The ‘damsel in distress’ archetype was thus born in games. It would form the template for early romantic storylines, typically consisting of a muscle-bound hero venturing across an inexplicably long journey through thug-infested streets to rescue their beloved from the endgame boss – all in the name of true love. (Why these characters never hopped in a cab and simply went straight for Mr Big however, we could never quite tell.) Beating down endless goons in 1984’s Kung-Fu Master, 1987’s Double Dragon, 1988’s Vigilante, and 1989’s Final Fight was satisfying enough, but sprinkling in a romantic subplot to save each protagonist’s girlfriend added an enticing dimension to the power fantasy.
It would take decades for romantic plots within games to escape their one-dimensional early years; maturing beyond an excuse for a character to beat people up. Eventually, romance in the medium evolved with titles such as The Sims, and the later games in the Persona series, while even GTA: San Andreas divorced romantic plots from their connection with violence. Relationships in video games would reach new heights in 2009 with Dragon Age: Origins, a dark fantasy role-playing game that along with 2007’s Mass Effect is considered to be a watershed moment for romantic plots in games.

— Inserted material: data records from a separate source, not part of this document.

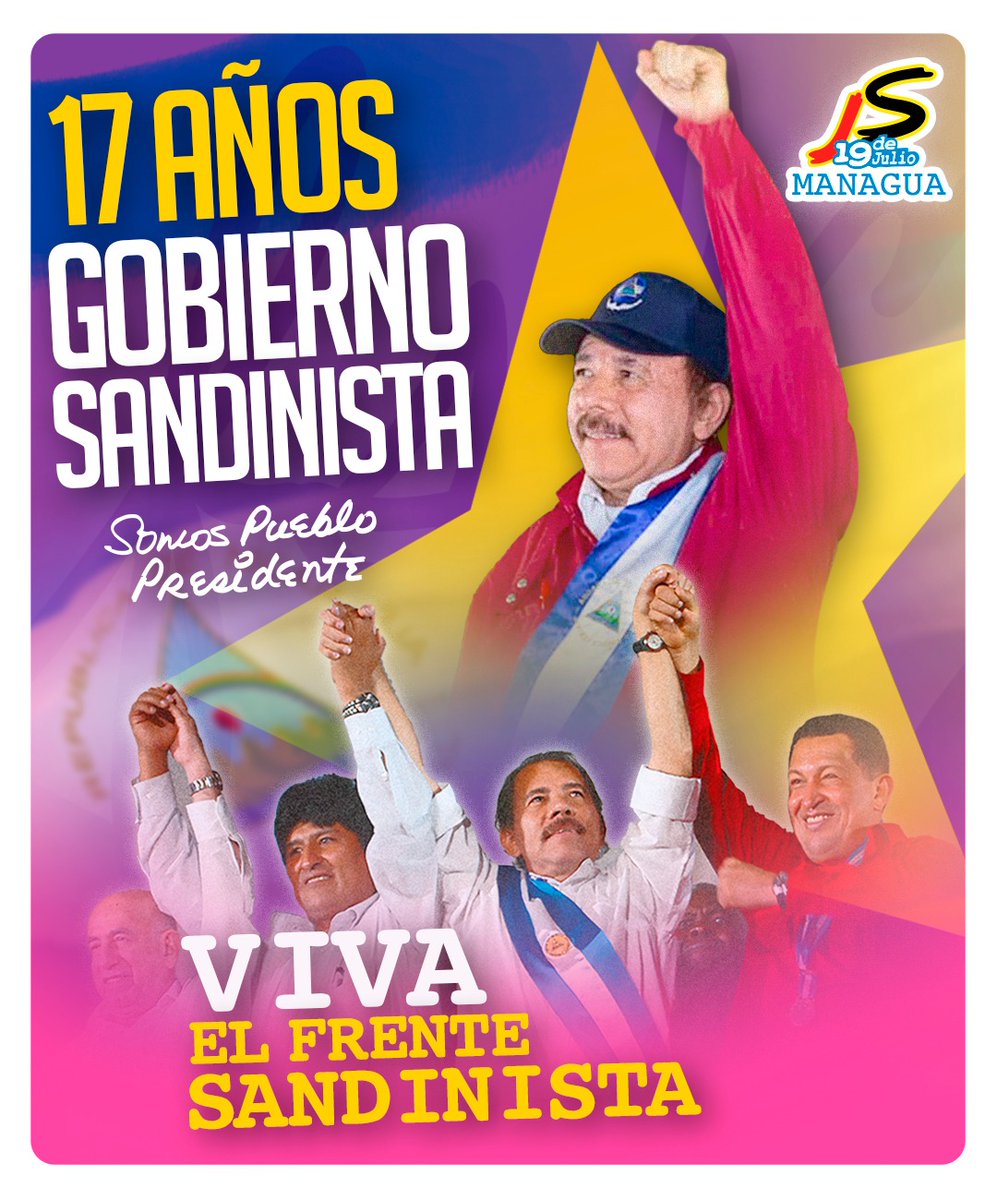 AlexMay38493702's tweet photo. Hoy Cumplimos 17 años de pueblo presidente, Gracia al gobierno sandinista  Nicaragua sigue avanzando con todos los programas sociales y proyectos de infraestructura. #MásVictoriasMasBienestar https://t.co/vg7zDkbrB3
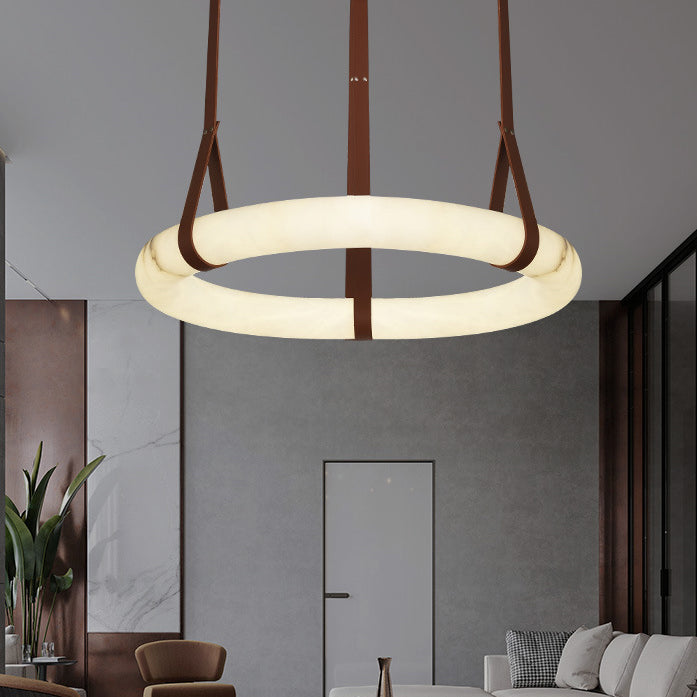 Contemporary Nordic Round Leather Copper Imitation Marble LED Chandelier For Living Room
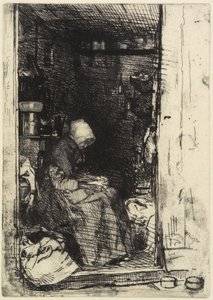 La Vieille aux Loques来自“来自大自然的十二幅蚀刻画” 作者 詹姆斯·阿博特·麦克尼尔·惠斯勒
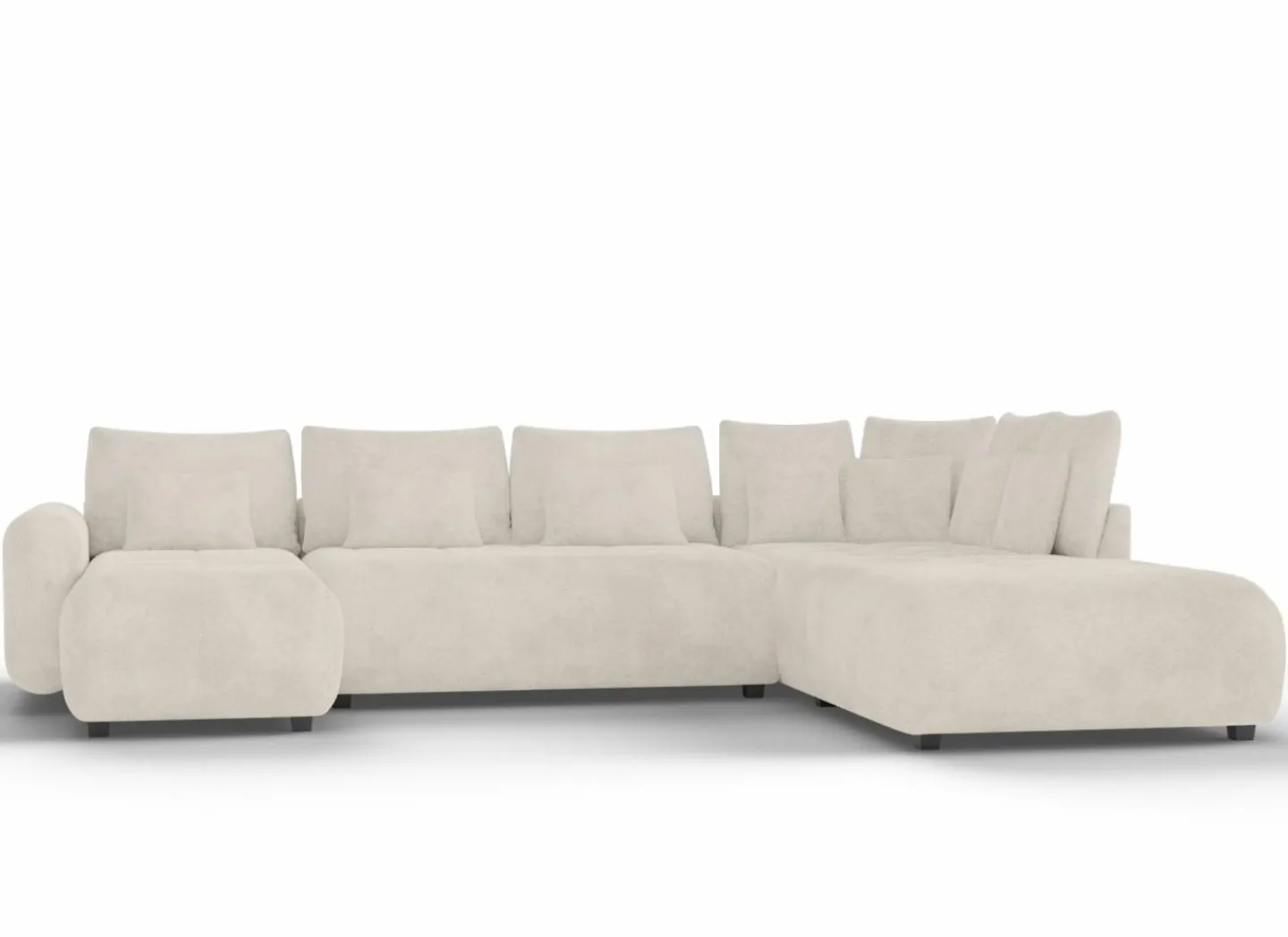 Hoeksalon Olivio 368x234cm - stof - beige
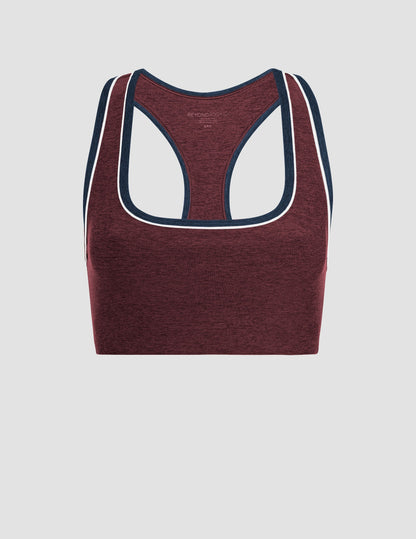 Spacedye Ready Bra: Comfortable Scoop Neck Racerback Activewear Top with Piping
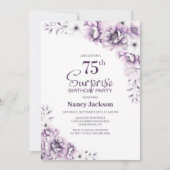 Invitation Pink Floral Surprise 75e anniversaire (Devant)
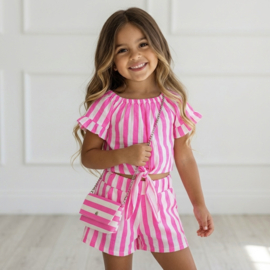 Striped & pink set & bag - neonroze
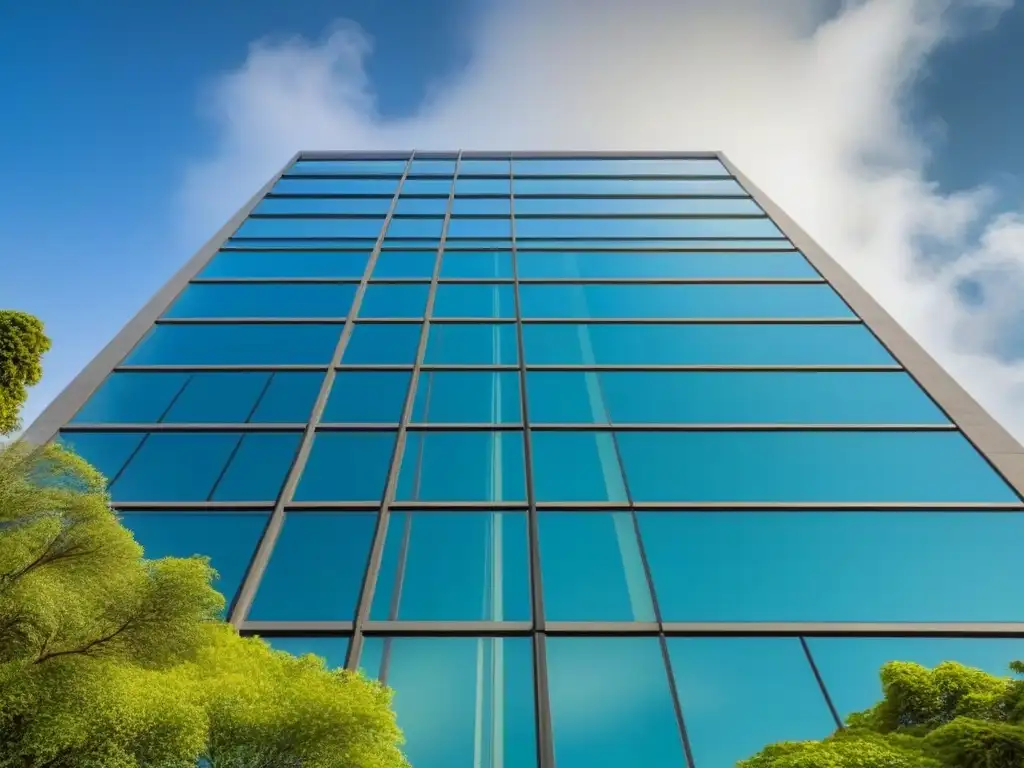 Edificio de oficinas en CDMX: diseño urbano y naturaleza Edificio moderno en CDMX con diseño arquitectónico y vegetación, reflejando la legislación inmobiliaria México actualizada
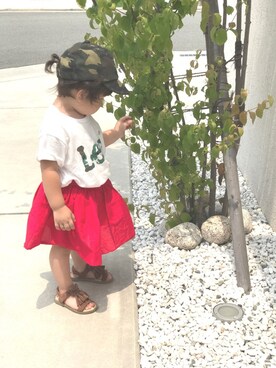 「Lee（リー）のアイテム（Tシャツ/カットソー）」を使った、saranさん（キッズ・80cm）の夏コーディネート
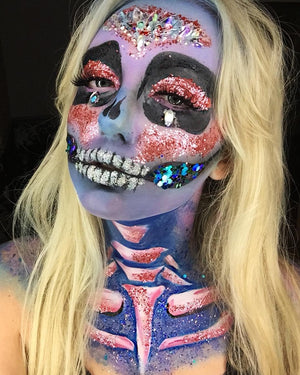 Halloween makeup beauty biodegradable bio glitter pink Mua artist costume ideas scary glitters bulk wholesale discounts sale discount worldwide Iran Canada France Germany Colorberry resin art supplies shop online Christmas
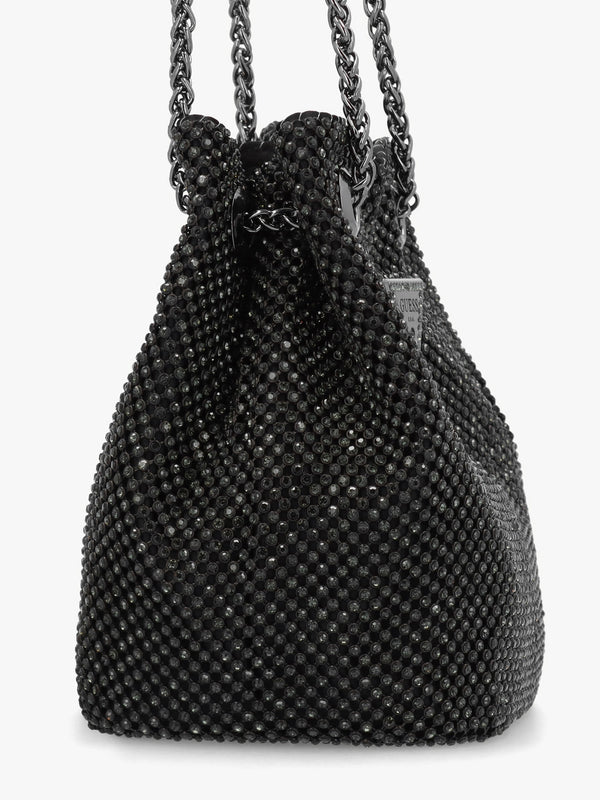 Lua Black Diamante Chain Mesh Pouch
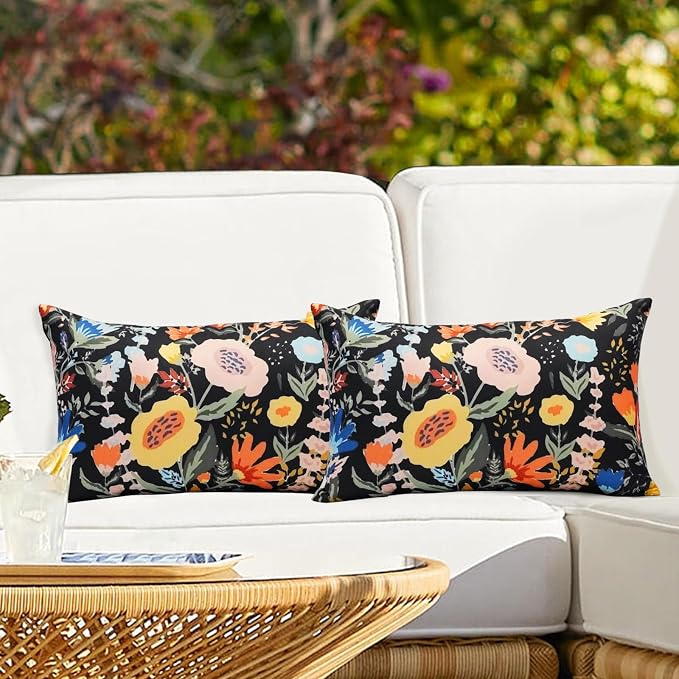 Pack of 2 Waterproof Outdoor Throw Pillows Cover 12x20 Inch Colorful Floral Decorative Farmhouse Rectangle Pillowcases Outdoor Lumbar Pillows for Patio Furniture Garden,Black Flower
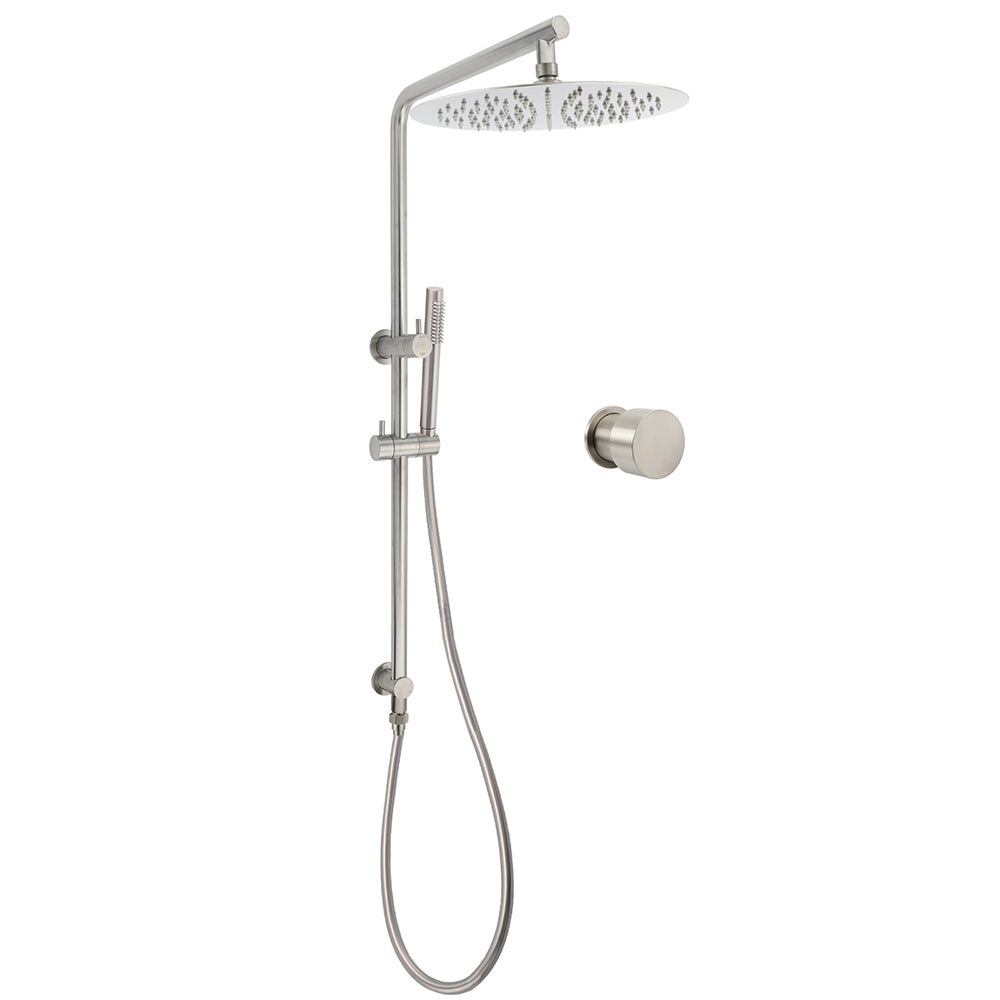 Brushed Nickel Dual Shower Set Sliding Rail Arm 12" Round Head Handheld Hot Cold Control Mixer Valve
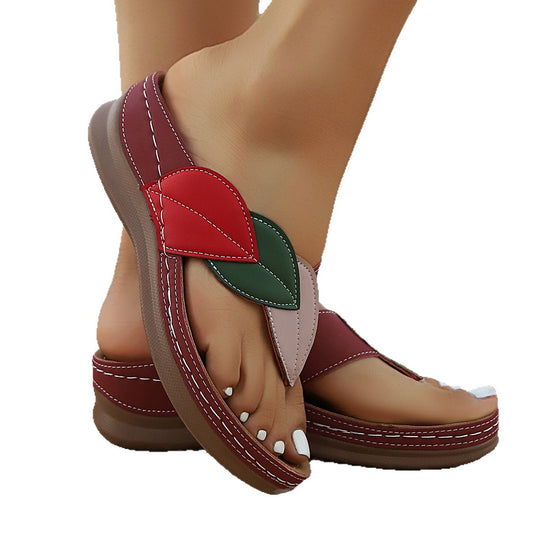 Damen Bequeme Zehentrenner-Sandalen mit floralem Design und rutschfester Sohle EB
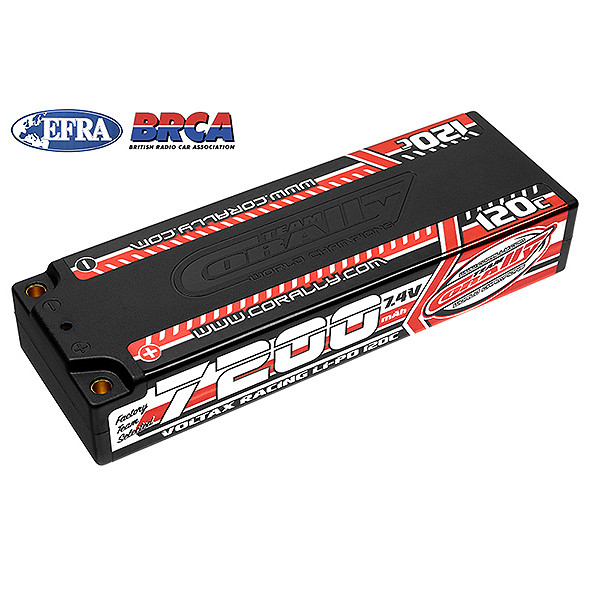 Team Corally Voltax 120C 7200mAh 7.4V 2S Hard Case Stick LiPo RC Car Battery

Dragon Age: Origins and its sequels would build on the work of previous BioWare titles, including Star Wars: Knights of the Old Republic, to craft romance narratives that felt compellingly real. For David Gaider, lead writer on those games, creating non-player characters that felt three-dimensional was crucial: “I think the most important thing that you need,” he tells us, “is the sense that the character you’re romancing has a life and existence of their own, that they aren’t just puppets for whatever you want. I’ve seen games like that: you hit the ‘romance button’ and they will do whatever you want, and they exist for you regardless of your actions. I think that makes them a lot less compelling. I think the idea that this character might not decide to romance you if you do or say the wrong things, that they have their own agenda, is powerful.”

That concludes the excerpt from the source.